The only line with changed behavior is the last one. With this change, bash can be parsed up front, with only trivial modifications to existing programs. In practice, I see people following this style already.

The following are acceptable and equivalent to a[v]=x or A[v]=x, but the simpler forms are preferred:

a[$v]=x    # strings converted to integers
A[$v]=x
a["$v"]=x  # strings converted to integers
A["$v"]=x

There could be an even stricter mode to disallow "type coercions", but that's a bigger change at odds with existing shell semantics.

Recap

A major goal of Oil is to treat shell as a real programming language, rather than an OS command shell with sloppy macro processing.

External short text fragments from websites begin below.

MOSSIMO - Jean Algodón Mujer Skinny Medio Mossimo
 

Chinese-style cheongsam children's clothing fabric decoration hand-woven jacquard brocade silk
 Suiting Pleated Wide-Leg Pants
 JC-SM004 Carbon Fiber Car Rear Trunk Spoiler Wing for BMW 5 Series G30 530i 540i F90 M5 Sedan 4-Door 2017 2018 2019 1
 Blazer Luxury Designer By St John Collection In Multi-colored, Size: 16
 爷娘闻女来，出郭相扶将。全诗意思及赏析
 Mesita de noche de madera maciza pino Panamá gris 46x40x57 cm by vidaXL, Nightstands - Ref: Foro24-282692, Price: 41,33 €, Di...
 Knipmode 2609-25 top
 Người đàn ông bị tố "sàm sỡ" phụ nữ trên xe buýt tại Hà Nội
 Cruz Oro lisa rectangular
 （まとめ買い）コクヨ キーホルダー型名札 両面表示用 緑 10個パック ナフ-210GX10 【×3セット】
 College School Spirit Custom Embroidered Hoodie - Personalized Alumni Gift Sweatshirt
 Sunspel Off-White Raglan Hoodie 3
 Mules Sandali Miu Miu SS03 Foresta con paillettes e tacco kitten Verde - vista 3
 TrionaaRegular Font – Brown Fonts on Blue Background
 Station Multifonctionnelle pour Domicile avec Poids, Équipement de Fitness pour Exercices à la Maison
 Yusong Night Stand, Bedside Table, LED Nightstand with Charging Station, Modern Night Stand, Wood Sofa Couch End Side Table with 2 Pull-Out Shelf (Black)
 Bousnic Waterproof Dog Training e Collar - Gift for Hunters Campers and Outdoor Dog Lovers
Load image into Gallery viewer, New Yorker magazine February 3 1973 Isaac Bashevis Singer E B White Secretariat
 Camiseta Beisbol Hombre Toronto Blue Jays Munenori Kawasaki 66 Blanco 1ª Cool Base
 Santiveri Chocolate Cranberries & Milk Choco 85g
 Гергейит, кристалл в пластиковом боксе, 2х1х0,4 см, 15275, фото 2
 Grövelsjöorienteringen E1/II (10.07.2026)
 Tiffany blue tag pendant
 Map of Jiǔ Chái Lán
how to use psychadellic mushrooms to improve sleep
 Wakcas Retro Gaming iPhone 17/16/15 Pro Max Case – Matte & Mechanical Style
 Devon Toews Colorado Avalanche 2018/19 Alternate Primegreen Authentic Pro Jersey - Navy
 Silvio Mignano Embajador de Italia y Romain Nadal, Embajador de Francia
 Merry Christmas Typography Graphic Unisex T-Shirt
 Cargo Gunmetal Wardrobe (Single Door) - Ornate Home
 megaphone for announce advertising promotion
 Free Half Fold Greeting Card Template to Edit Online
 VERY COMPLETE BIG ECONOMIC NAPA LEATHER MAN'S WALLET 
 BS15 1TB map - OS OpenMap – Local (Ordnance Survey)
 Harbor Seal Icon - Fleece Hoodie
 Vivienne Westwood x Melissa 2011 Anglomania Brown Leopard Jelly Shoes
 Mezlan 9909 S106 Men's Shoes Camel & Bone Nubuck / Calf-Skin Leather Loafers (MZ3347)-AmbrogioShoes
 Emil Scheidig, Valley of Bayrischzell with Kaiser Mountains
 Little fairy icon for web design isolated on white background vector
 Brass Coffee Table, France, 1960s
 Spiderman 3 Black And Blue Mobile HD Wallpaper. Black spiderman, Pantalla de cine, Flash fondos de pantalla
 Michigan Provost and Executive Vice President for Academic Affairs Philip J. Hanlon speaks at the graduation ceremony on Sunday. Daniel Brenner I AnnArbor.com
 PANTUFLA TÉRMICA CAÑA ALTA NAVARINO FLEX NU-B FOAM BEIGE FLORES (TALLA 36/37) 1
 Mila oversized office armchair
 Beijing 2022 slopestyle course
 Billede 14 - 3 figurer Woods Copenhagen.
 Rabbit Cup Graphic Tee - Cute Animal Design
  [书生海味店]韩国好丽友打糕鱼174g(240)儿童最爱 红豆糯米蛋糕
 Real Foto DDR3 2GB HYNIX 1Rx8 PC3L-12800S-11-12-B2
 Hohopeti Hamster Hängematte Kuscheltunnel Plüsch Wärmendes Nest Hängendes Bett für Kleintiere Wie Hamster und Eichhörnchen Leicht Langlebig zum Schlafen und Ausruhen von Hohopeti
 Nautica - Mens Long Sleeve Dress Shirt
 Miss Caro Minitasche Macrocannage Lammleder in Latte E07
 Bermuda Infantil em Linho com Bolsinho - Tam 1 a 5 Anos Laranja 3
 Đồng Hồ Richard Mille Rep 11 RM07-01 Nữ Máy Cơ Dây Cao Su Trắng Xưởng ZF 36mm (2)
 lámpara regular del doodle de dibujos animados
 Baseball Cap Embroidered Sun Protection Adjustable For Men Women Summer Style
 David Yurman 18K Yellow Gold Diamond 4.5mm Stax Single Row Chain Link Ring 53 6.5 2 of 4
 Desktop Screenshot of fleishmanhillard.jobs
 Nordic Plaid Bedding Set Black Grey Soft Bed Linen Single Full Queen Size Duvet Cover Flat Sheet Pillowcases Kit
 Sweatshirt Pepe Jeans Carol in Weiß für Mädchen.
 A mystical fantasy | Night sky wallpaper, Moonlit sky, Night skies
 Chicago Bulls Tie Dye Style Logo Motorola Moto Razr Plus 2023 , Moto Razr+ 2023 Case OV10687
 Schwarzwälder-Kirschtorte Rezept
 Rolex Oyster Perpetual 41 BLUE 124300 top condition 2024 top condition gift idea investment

Here's the narrative so far:

I showed that that [[ is the "compile-time" version of [, illustrating the difference between parsing up front vs. parsing during execution. The latter opens up the possibility of depending on arbitrary execution state, which makes parsing undecidable. All shells that implement [[ parse it up front.
Even when it's possible to parse up front, all popular shells defer some parsing to execution time, e.g. what's inside ${} or $().
OSH uses the technique of lexical state to parse up front, in a single pass. I believe this strategy is simpler, faster, and results in a better user experience.
In this post, I showed the only construct in bash that's impossible to parse up front. Then I proposed a simple fix: always quote string literals used as array keys.

Appendix: Parsing C++, Perl, and Make is Also Undecidable

Similar issues come up in other programming languages.

Parsing C++ is Literally Undecidable. As far as I understand, the issue is that C++ has two Turing-complete execution contexts: compile-time and runtime, and parsing sits between them. Parsing can depend on arbitrary compile-time computation, making it undecidable.

Parsing Perl Considered Undecidable.

What does this code mean?

whatever / 25 ; # / ; die "this dies!";

Kati internals. Kati is a modern parser for GNU Make, and it finds that parsing and execution are interleaved.

What does this code mean?

$(VAR)
    X=hoge echo $${X}

I'll let you decide whether these are language design errors. On the one hand, these are obscure corners that don't come up very often.

On the other hand, C++, Perl, Make, and bash all have a reputation for being difficult to learn, in a large part due to their syntax. Languages like Python and Java don't have these types of issues.

On a related note, parsing JavaScript is relatively easy, and gives the expected parse errors. But it does have a lack of runtime errors, preferring nonsensical type coercion to stopping the program. The shell shares this unfortunate property. Future posts will discuss how OSH will improve upon this situation.